Given information
= = = = =

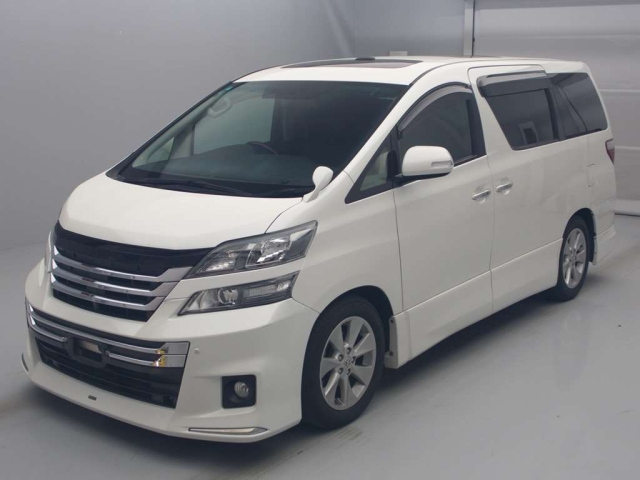 TOYOTA VELLFIRE 2013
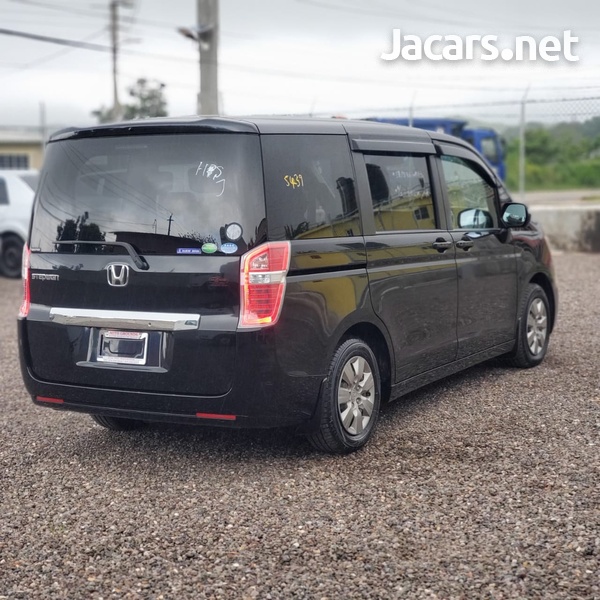 Honda Stepwgn 2,0L 2014-7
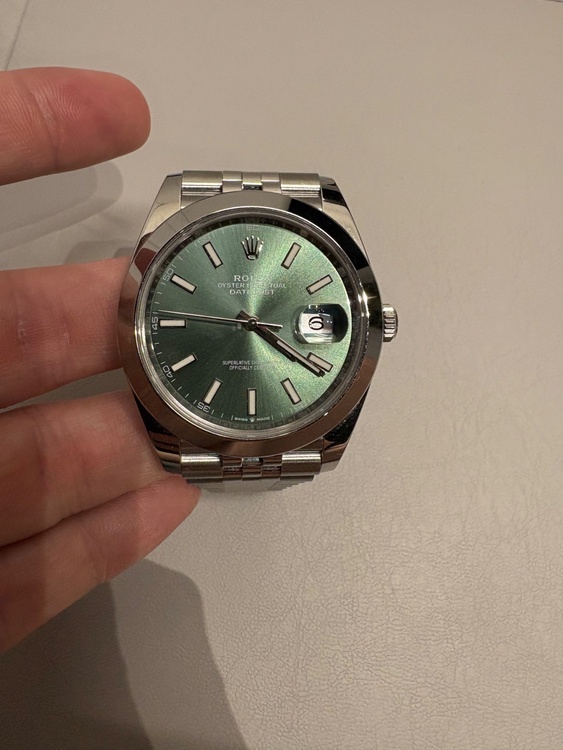 デイトジャスト41 ジュビリーブレス　ミントグリーン（高級時計）の商品画像 - 査定依頼日：2025年12月10日 - 最高査定価格：1,700,000円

= = = = =

Directions
Once the images are dropped, set down the remaining material word for word.

Answer for this exercise
 TOYOTA VELLFIRE 2013
 Honda Stepwgn 2,0L 2014-7
 デイトジャスト41 ジュビリーブレス　ミントグリーン（高級時計）の商品画像 - 査定依頼日：2025年12月10日 - 最高査定価格：1,700,000円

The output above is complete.